If it's kamailio 1.5 (or any version < 3.0) then the sched_yield() means
spinning on a lock. However I'm not sure we can trust the backtrace.
You mentioned in an earlier mail that you see this related to UDP
traffic, but
in the log file and also in your investigations you think its related
to TPC?
This is the exact case:
1-> SUBSCRIBE sent to/received by over UDP to kamailio.
2-> kamailio does a SRV record lookup for "mobipouce.com"
3-> kamailio try
sip2.mobipouce.com (91.199.234.47) over TCP first
4-> connection failed with logs:
Jan 27 12:56:38 ns26829 /usr/sbin/kamailio[9763]:
ERROR:core:tcp_blocking_connect: poll error: flags 18
Jan 27 12:56:38 ns26829 /usr/sbin/kamailio[9763]:
ERROR:core:tcp_blocking_connect: failed to retrieve SO_ERROR (111)
Connection refused
Jan 27 12:56:38 ns26829 /usr/sbin/kamailio[9763]:
ERROR:core:tcpconn_connect: tcp_blocking_connect failed
Jan 27 12:56:38 ns26829 /usr/sbin/kamailio[9763]: ERROR:core:tcp_send:
connect failed
Jan 27 12:56:38 ns26829 /usr/sbin/kamailio[9763]: ERROR:tm:msg_send:
tcp_send failed
Jan 27 12:56:38 ns26829 /usr/sbin/kamailio[9763]:
ERROR:tm:t_forward_nonack: sending request failed
5-> I guess kamailio is supposed to try other SRV record value:
sip2.mobipouce.com (91.199.234.46) but it doesn't
Thus, I'm guessing the issue is related to SRV record with failover OR
just tcp failure.

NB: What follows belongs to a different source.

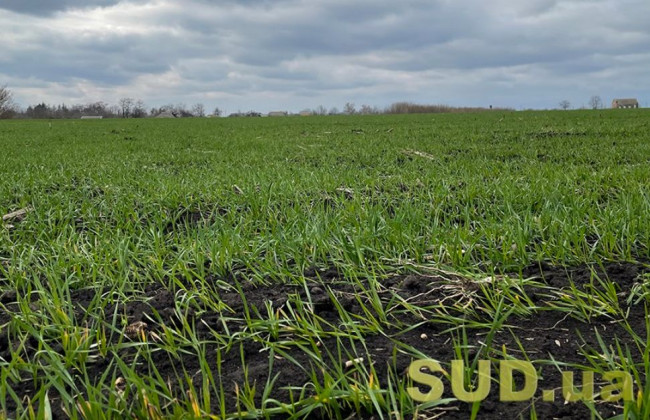 Чи можна продати або передати в оренду землю з державним актом права власності старого зразка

Not related to UDP at all.
so TCP connect failed, the tcp worker returned as it prints the message
and, to be sure I got it right, the UDP worker (the one that received)
got blocked?
My guess (assuming kamailio 1.5) is that the problem is in tm somewhere
and not in the TCP code. There are hardly any TCP locks used in this
case (connect failure). Most likely the backtrace is bogus.
It's definitly possible to reproduce the issue now!
I guess anyone can try your version of kamailio and t_relay message
to "mobipouce.com" and you'll fall in that case! Sending plenty of
those messages will finally lock all kamailio process.
All? tcp and udp?
Andrei